(Your objective) Retyping the data exactly is the task. Include every line.

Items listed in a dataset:
+ + +
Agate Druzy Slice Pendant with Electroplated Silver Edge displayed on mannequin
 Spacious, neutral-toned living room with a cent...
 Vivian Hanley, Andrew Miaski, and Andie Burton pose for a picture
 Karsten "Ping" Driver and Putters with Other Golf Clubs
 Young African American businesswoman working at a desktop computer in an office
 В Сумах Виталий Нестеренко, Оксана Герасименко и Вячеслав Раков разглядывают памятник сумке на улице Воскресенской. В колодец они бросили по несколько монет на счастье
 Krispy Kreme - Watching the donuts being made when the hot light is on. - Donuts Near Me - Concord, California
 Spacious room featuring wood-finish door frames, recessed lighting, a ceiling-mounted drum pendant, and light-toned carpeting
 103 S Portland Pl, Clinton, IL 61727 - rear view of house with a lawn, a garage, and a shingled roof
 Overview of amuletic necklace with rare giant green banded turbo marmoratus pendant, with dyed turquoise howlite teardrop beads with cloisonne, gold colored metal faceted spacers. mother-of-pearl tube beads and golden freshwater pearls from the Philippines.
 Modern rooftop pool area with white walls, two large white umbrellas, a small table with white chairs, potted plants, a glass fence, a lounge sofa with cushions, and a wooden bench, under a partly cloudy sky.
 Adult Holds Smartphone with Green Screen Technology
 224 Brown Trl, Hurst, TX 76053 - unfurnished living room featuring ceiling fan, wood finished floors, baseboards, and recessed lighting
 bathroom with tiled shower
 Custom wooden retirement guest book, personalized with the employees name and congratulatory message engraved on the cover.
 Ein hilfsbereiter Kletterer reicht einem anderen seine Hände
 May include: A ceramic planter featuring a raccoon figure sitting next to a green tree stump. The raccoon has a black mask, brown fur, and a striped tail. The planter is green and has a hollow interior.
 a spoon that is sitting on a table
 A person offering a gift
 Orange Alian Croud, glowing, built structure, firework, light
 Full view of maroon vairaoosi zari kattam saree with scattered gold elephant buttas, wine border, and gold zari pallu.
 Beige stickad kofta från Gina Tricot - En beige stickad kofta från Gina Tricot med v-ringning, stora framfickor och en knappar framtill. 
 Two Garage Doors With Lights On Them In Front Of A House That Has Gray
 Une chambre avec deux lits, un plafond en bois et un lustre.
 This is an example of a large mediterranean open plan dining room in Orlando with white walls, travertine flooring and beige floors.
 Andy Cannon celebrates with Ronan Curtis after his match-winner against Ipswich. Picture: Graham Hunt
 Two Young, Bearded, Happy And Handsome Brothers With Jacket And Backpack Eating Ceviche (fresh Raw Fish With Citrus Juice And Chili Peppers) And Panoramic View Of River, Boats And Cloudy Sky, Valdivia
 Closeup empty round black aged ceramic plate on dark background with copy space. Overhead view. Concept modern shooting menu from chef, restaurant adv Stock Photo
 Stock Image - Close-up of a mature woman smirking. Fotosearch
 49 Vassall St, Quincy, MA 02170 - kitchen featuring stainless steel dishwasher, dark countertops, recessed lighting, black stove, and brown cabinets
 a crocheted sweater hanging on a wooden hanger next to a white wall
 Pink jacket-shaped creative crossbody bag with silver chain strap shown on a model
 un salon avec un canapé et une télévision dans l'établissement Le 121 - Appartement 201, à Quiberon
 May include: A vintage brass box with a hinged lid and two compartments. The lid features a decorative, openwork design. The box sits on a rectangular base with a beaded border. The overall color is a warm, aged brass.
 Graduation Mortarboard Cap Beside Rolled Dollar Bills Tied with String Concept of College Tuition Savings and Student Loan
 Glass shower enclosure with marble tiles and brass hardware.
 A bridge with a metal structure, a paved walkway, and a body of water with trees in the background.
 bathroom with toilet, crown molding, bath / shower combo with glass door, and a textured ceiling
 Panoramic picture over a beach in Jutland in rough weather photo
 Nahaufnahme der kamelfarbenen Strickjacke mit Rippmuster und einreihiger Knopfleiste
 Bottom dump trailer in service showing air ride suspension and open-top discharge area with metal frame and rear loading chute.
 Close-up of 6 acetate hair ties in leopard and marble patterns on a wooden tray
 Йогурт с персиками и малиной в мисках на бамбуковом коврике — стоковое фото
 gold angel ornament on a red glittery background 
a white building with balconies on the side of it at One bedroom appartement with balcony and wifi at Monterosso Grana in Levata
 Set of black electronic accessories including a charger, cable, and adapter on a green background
+ + +
(Response for this exercise)
Agate Druzy Slice Pendant with Electroplated Silver Edge displayed on mannequin
 Spacious, neutral-toned living room with a cent...
 Vivian Hanley, Andrew Miaski, and Andie Burton pose for a picture
 Karsten "Ping" Driver and Putters with Other Golf Clubs
 Young African American businesswoman working at a desktop computer in an office
 В Сумах Виталий Нестеренко, Оксана Герасименко и Вячеслав Раков разглядывают памятник сумке на улице Воскресенской. В колодец они бросили по несколько монет на счастье
 Krispy Kreme - Watching the donuts being made when the hot light is on. - Donuts Near Me - Concord, California
 Spacious room featuring wood-finish door frames, recessed lighting, a ceiling-mounted drum pendant, and light-toned carpeting
 103 S Portland Pl, Clinton, IL 61727 - rear view of house with a lawn, a garage, and a shingled roof
 Overview of amuletic necklace with rare giant green banded turbo marmoratus pendant, with dyed turquoise howlite teardrop beads with cloisonne, gold colored metal faceted spacers. mother-of-pearl tube beads and golden freshwater pearls from the Philippines.
 Modern rooftop pool area with white walls, two large white umbrellas, a small table with white chairs, potted plants, a glass fence, a lounge sofa with cushions, and a wooden bench, under a partly cloudy sky.
 Adult Holds Smartphone with Green Screen Technology
 224 Brown Trl, Hurst, TX 76053 - unfurnished living room featuring ceiling fan, wood finished floors, baseboards, and recessed lighting
 bathroom with tiled shower
 Custom wooden retirement guest book, personalized with the employees name and congratulatory message engraved on the cover.
 Ein hilfsbereiter Kletterer reicht einem anderen seine Hände
 May include: A ceramic planter featuring a raccoon figure sitting next to a green tree stump. The raccoon has a black mask, brown fur, and a striped tail. The planter is green and has a hollow interior.
 a spoon that is sitting on a table
 A person offering a gift
 Orange Alian Croud, glowing, built structure, firework, light
 Full view of maroon vairaoosi zari kattam saree with scattered gold elephant buttas, wine border, and gold zari pallu.
 Beige stickad kofta från Gina Tricot - En beige stickad kofta från Gina Tricot med v-ringning, stora framfickor och en knappar framtill. 
 Two Garage Doors With Lights On Them In Front Of A House That Has Gray
 Une chambre avec deux lits, un plafond en bois et un lustre.
 This is an example of a large mediterranean open plan dining room in Orlando with white walls, travertine flooring and beige floors.
 Andy Cannon celebrates with Ronan Curtis after his match-winner against Ipswich. Picture: Graham Hunt
 Two Young, Bearded, Happy And Handsome Brothers With Jacket And Backpack Eating Ceviche (fresh Raw Fish With Citrus Juice And Chili Peppers) And Panoramic View Of River, Boats And Cloudy Sky, Valdivia
 Closeup empty round black aged ceramic plate on dark background with copy space. Overhead view. Concept modern shooting menu from chef, restaurant adv Stock Photo
 Stock Image - Close-up of a mature woman smirking. Fotosearch
 49 Vassall St, Quincy, MA 02170 - kitchen featuring stainless steel dishwasher, dark countertops, recessed lighting, black stove, and brown cabinets
 a crocheted sweater hanging on a wooden hanger next to a white wall
 Pink jacket-shaped creative crossbody bag with silver chain strap shown on a model
 un salon avec un canapé et une télévision dans l'établissement Le 121 - Appartement 201, à Quiberon
 May include: A vintage brass box with a hinged lid and two compartments. The lid features a decorative, openwork design. The box sits on a rectangular base with a beaded border. The overall color is a warm, aged brass.
 Graduation Mortarboard Cap Beside Rolled Dollar Bills Tied with String Concept of College Tuition Savings and Student Loan
 Glass shower enclosure with marble tiles and brass hardware.
 A bridge with a metal structure, a paved walkway, and a body of water with trees in the background.
 bathroom with toilet, crown molding, bath / shower combo with glass door, and a textured ceiling
 Panoramic picture over a beach in Jutland in rough weather photo
 Nahaufnahme der kamelfarbenen Strickjacke mit Rippmuster und einreihiger Knopfleiste
 Bottom dump trailer in service showing air ride suspension and open-top discharge area with metal frame and rear loading chute.
 Close-up of 6 acetate hair ties in leopard and marble patterns on a wooden tray
 Йогурт с персиками и малиной в мисках на бамбуковом коврике — стоковое фото
 gold angel ornament on a red glittery background 
a white building with balconies on the side of it at One bedroom appartement with balcony and wifi at Monterosso Grana in Levata
 Set of black electronic accessories including a charger, cable, and adapter on a green background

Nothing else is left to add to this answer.